I have been trying to put together a reliable workstation for video editing. I thought the 3930k and either the x79 or extreme9 would do the trick. However after reading the HORROR threads about the performance. lock-ups and tweaking to get them running. I am not so sure about those anymore. I am a novice builder intermediate editor.

I bought a nvidia quadro 4000 card to use. That is done.

I am looking at this card http://www.newegg.com/Product/Product.aspx?Item=N82E16819116501
I7-3770k but it has a graphic card in it, I think? Will that conflict or will it 'crossfire'?

Also if you know of a MOBO that has 2 -16 pci slots for a later gtx580 card to add, or a gtx680 still thinking for down the road on that one... Please paste one in if you have a suggestioni. I like Workstations boards as I was sold on the idea that they get a bit more testing before shipped. How true that is?? I would like to have a built in IEEE for stop animation as well.

Software is Adobe CS6 and Adobe Media Composer BTW....

Figured SSD for C&D drive and a 7200 RAID for storage... Your thoughts?
14 answers Last reply Best Answer
More about graphics
  1. No, when you use a discrete (plug-in) graphics card and plug the monitor into that card any onboard video is disabled. Most CPUs nowadays include graphics but it won't conflict with the optional upgrade to a card.
  2. How about a dual 16 pci board? Thanks for the reply on the onboard graphics and plugging in a stand alone or discreet.
  3. Best answer
    Nothing to be worried about IMO. As long as you plug in your DVI cable (or any type of video-output/input cable you have on hand) into your Graphics Card, the onboard GPU won't conflict with anything.

    As for motherboards, here are a few recommendations from what you said in your first post :)

    ASUS P8Z77-V - http://www.newegg.com/Product/Product.aspx?Item=N82E16813131820&name=Intel-Motherboards

    MSI Z77A-G65 - http://www.newegg.com/Product/Product.aspx?Item=N82E16813130643&name=Intel-Motherboards

    Gigabyte GA-Z77X-UP4 TH - http://www.newegg.com/Product/Product.aspx?Item=N82E16813128558&name=Intel-Motherboards

    These boards all feature PCI-E 3.0 16x, 8x. 16x for single card configurations, and two 8x slots for 2 card configurations.

    Since the PCI-E slots are all PCI-E 3.0, you essentially get double the bandwidth of what they're rated for. (PCI-E 3.0 8x = PCI-E 2.0 16x) No GPU on the market at the moment can effectively saturate PCI-E 3.0 16x so you're not losing out on any performance.

    If the GPU's you're looking to use only support PCI-E 2.0, however, then you're going to get the rated speeds of 8x and 8x respectively. Not to fear, however, since 16x vs 8x won't give you too many performance limitations.


    **EDIT**

    On a side note, what kind of horror stories have you heard about X79? It's a great platform if you're going to be working with video editing the majority of the time. The 2 extra cores and 4 threads you get from the 3930k will help A LOT with your productivity :)
  4. mocchan said:
    Nothing to be worried about IMO. As long as you plug in your DVI cable (or any type of video-output/input cable you have on hand) into your Graphics Card, the onboard GPU won't conflict with anything.

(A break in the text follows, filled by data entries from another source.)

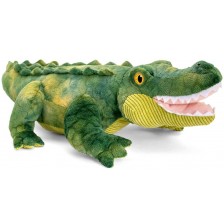 Eкологична плюшена играчка Keel Toys Keeleco - Крокодил, 43 cm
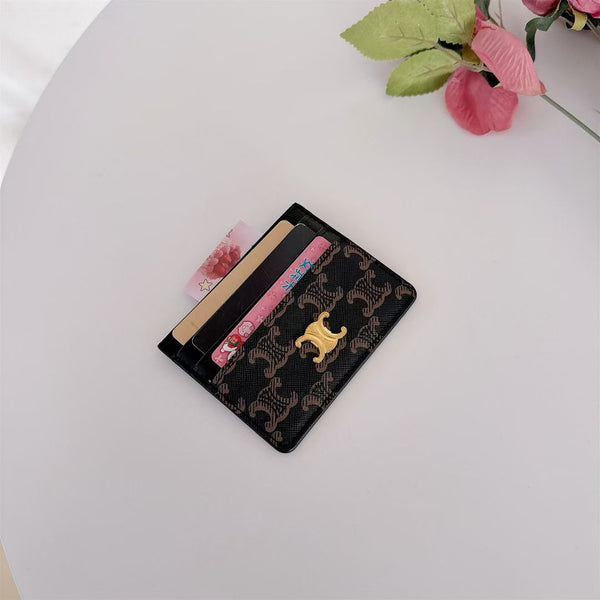 LuxeCarry Slim Wallet Card Case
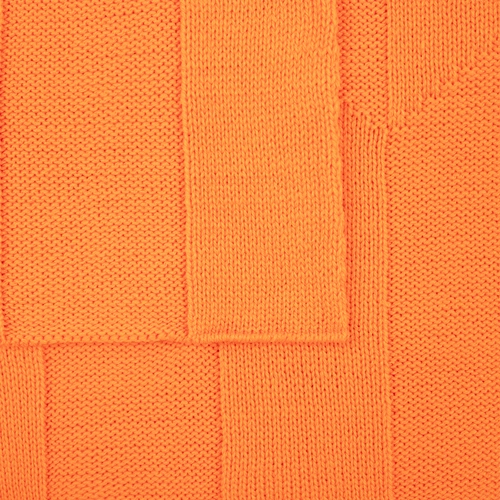 Плед Rombus, оранжевый (апельсин) Плед Rombus, оранжевый (апельсин)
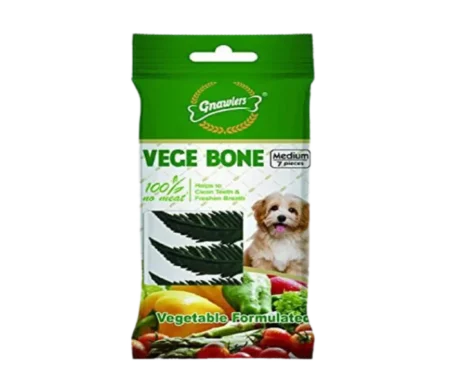 Gnawlers Veg Bone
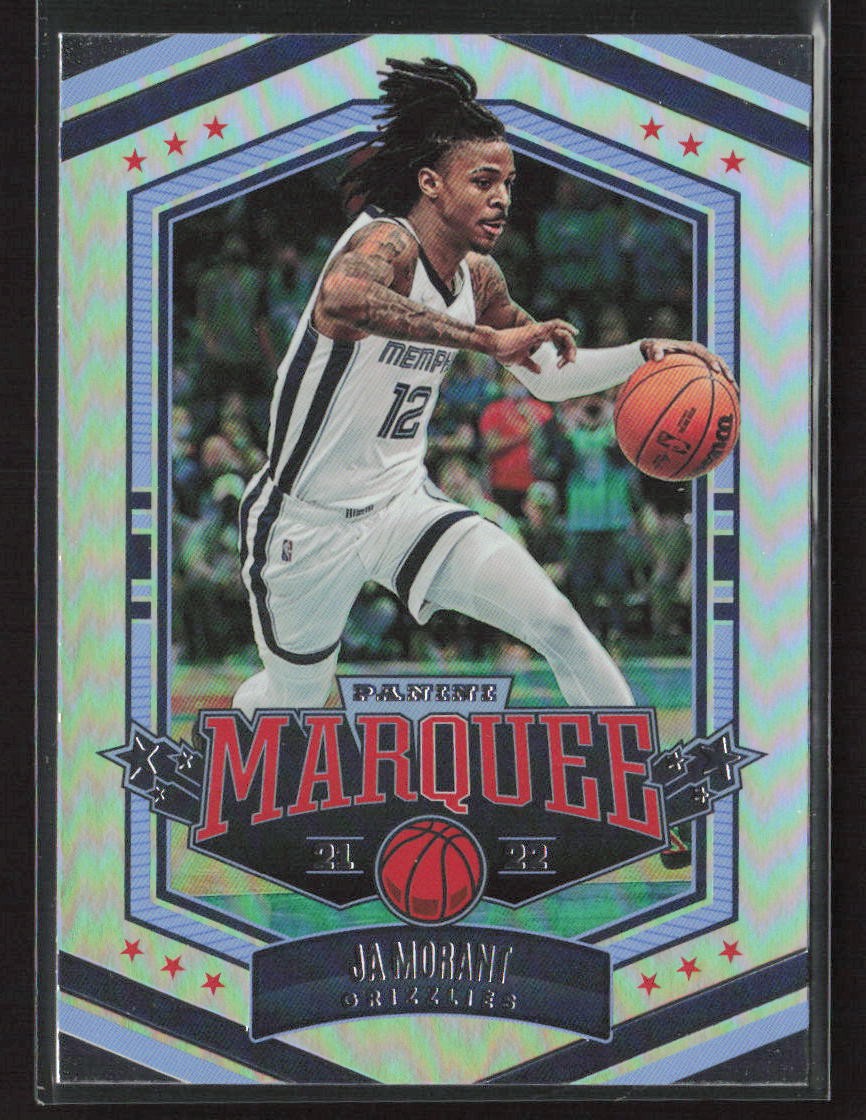 Ja Morant 2021-22 Panini Chronicles #357 Memphis Grizzlies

    As for motherboards, here are a few recommendations from what you said in your first post :)

    ASUS P8Z77-V - http://www.newegg.com/Product/Product.aspx?Item=N82E16813131820&name=Intel-Motherboards

    MSI Z77A-G65 - http://www.newegg.com/Product/Product.aspx?Item=N82E16813130643&name=Intel-Motherboards

    Gigabyte GA-Z77X-UP4 TH - http://www.newegg.com/Product/Product.aspx?Item=N82E16813128558&name=Intel-Motherboards

    These boards all feature PCI-E 3.0 16x, 8x. 16x for single card configurations, and two 8x slots for 2 card configurations.

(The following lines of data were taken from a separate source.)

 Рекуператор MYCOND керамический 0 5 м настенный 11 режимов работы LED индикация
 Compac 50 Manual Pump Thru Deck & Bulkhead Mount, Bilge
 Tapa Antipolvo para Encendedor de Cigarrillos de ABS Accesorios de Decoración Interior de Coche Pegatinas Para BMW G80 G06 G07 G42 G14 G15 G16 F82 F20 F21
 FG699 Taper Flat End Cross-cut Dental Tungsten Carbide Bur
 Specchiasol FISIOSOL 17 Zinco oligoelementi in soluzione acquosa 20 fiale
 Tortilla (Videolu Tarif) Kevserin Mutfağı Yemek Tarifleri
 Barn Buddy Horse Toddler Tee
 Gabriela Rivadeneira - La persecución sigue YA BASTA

    Since the PCI-E slots are all PCI-E 3.0, you essentially get double the bandwidth of what they're rated for. (PCI-E 3.0 8x = PCI-E 2.0 16x) No GPU on the market at the moment can effectively saturate PCI-E 3.0 16x so you're not losing out on any performance.

    If the GPU's you're looking to use only support PCI-E 2.0, however, then you're going to get the rated speeds of 8x and 8x respectively. Not to fear, however, since 16x vs 8x won't give you too many performance limitations.


    **EDIT**

    On a side note, what kind of horror stories have you heard about X79? It's a great platform if you're going to be working with video editing the majority of the time. The 2 extra cores and 4 threads you get from the 3930k will help A LOT with your productivity :)


    I have been researching the x79 as I too thought for about 400 bucks more 'over-all' that I would be running a solid computer that will keep up with all the new upgrades etc..Along with having two extra cores.
    The horror stories I am reading about are under motherboard section here as well as if you google x79 mobo's. It seems that by taking that board to the limit (which is what one should do if spending that kind of doe) It seems that the board needs tweaking and a lot of nurturing to get it to run. Some complain that after a couple of days that config crashes. Some blame win7 for the problem. Others blame the install, some blame the memery used. Lack of yet another BIOS update etc. I do not want to have a PHD in Computers to use one. I want to build one as the last one I bought was from Dell and they burned me with a chincy getby model that cannot even be upgraded if I wanted to. So I will build it. Yet, I want to build something that is reliable and not so hot-rodded I need a PHD to keep it running.
    I was going to go with the 3930k and Asus x79 W.S because the W.S are supposed to be tested more before shipping. I also (after reading about the sensitive issues with the x79) Shift over the the Asrock extreme9 which needs to be tuned like a Ferrari from what I read to keep working....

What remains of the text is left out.